The MEDDOCAN corpus has been randomly sampled into three subset: the train, the development, and the test set. The training set contains 500 clinical cases, and the development and test set 250 clinical cases each.

Sample set

The sample set is composed of 15 clinical cases extracted from the training set. This sample set is also included in the evaluation script (see Resources). Download the sample set from here.

Train set

The train set is composed of 500 clinical cases. It is distributed in Brat and XML formats (the latter is based on the i2b2 XML format). Download the train set from here.

Development set

The Development set is composed of 250 clinical cases. It is distributed in Brat and XML formats (the latter is based on the i2b2 XML format). Download the development set from here.

Background set

The background set is composed of 2,751 clinical cases. It is distributed in plain text format. Download the background set from here.

Test set with Gold Standard annotations

The Test set is with Gold Standard annotations is composed of 250 clinical cases. It is distributed in Brat and XML formats (the latter is based on the i2b2 XML format). Download the Test set with Gold Standard annotations from here.

Annotation Guidelines

Official Annotation Guidelines used to annotate the MEDDOCAN data sets can be downloaded from here.

The MEDDOCAN annotation scheme defines a total of 29 granular entity types grouped into more general parent classes. Figure 1 summarized the list of sensitive entity types defined for the MEDDOCAN track.

Figure 1: Overview of the sensitive entity types of PHI types defined for the MEDDOCAN annotation scheme and track.

The annotation process of the MEDDOCAN corpus was inspired initially by previous annotation schemes and corpora used for the i2b2 de-identification tracks, revising the guidelines used for these tracks, translating certain characteristics into Spanish and adapting them to the specificities and needs of our document collection and legislative framework. This adaptation was carried out in collaboration with practicing physicians, a team of annotators and the University Hospital 12 de Octubre. The adaptation, translation, and refinement of the guidelines was carried out on several random sample sets of the MEDDOCAN corpus and connected to an iterative process of annotation consistency analysis through inter-annotator agreement (IAA) calculation until a high annotation quality on terms of IAA was reached. Three cycles of refinement and IAA analysis were needed in order to reach the quality criteria required for this track, being in line with similar scores obtained for instance for i2b2. A link to the final version of the used 28 pages annotation guidelines can be downloaded from here.

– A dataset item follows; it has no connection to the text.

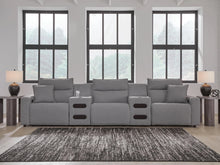 Load image into Gallery viewer, Modmax II Power Reclining Sectional with Audio Consoles
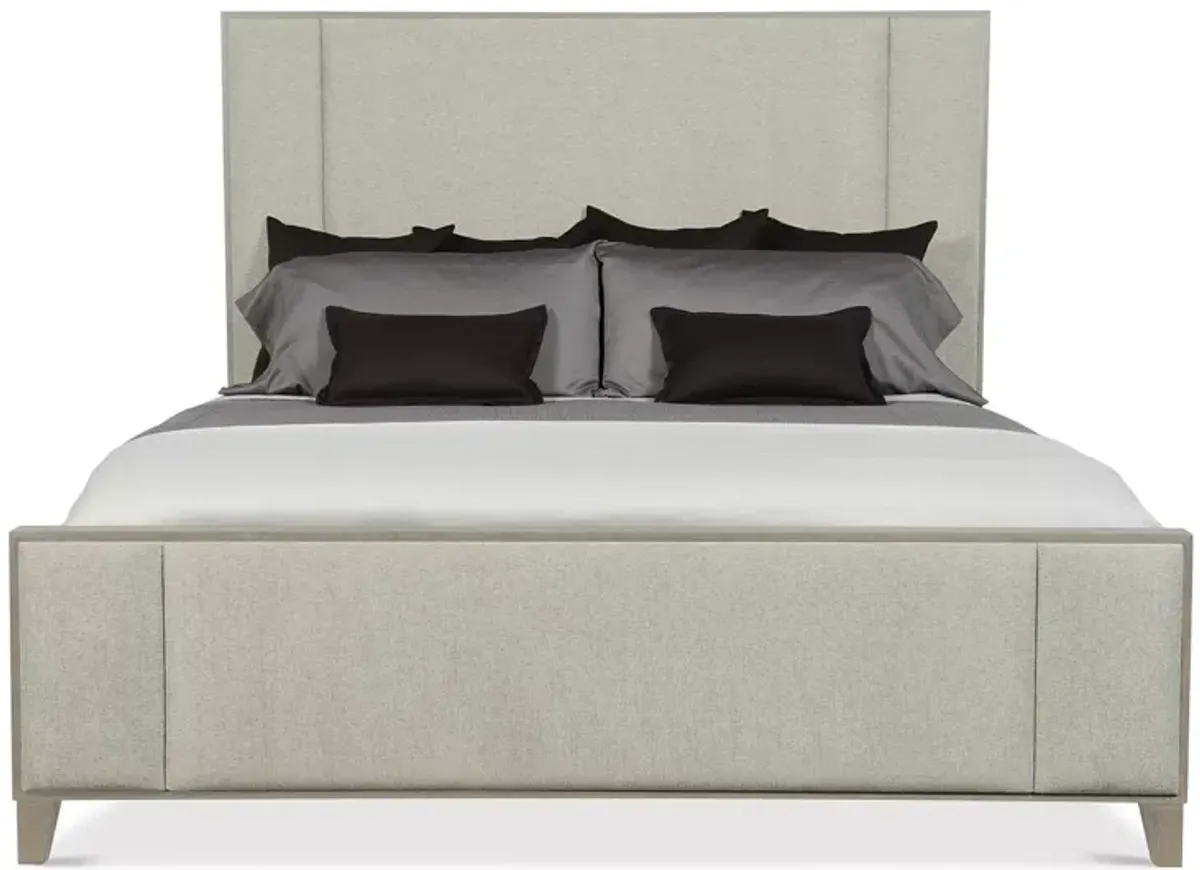 Bernhardt Linea Upholstered King Bed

This iterative refinement process required direct interaction between the expert annotators in order to resolve discrepancies, using a side-by-side visualization of clinical case document annotations, by comparing discrepancies and going over each of them in order to solve doubts, add/refine rules and add/edit clarifying examples to the guidelines. The final, inter-annotator agreement measure obtained for this corpus was calculated on a set of 50 records that were double annotated (blinded) by two different expert annotators, reaching a pairwise agreement of 98% on the exact entity mention comparison level together with the corresponding mention type labels.

The manual annotation of the entire corpus was carried out in a three-step approach. First, an initial annotation process was carried out on an adapted version of the AnnotateIt tool. The resulting annotations were then exported, trailing whitespaces were removed and double annotations of the same string were send as an alert to the human annotators for revision/correction. Then, the annotations were uploaded into the BRAT annotation tool, which was slightly less efficient for mention labeling in terms of manual annotation speed. The human annotators performed afterwards a final revision of the annotations in BRAT, in order to correct mistakes and to add potentially missing annotation mentions. Finally the senior annotator did a last round of annotation revision of the entire corpus. Figure 2 shows an example of an annotation in the BRAT format.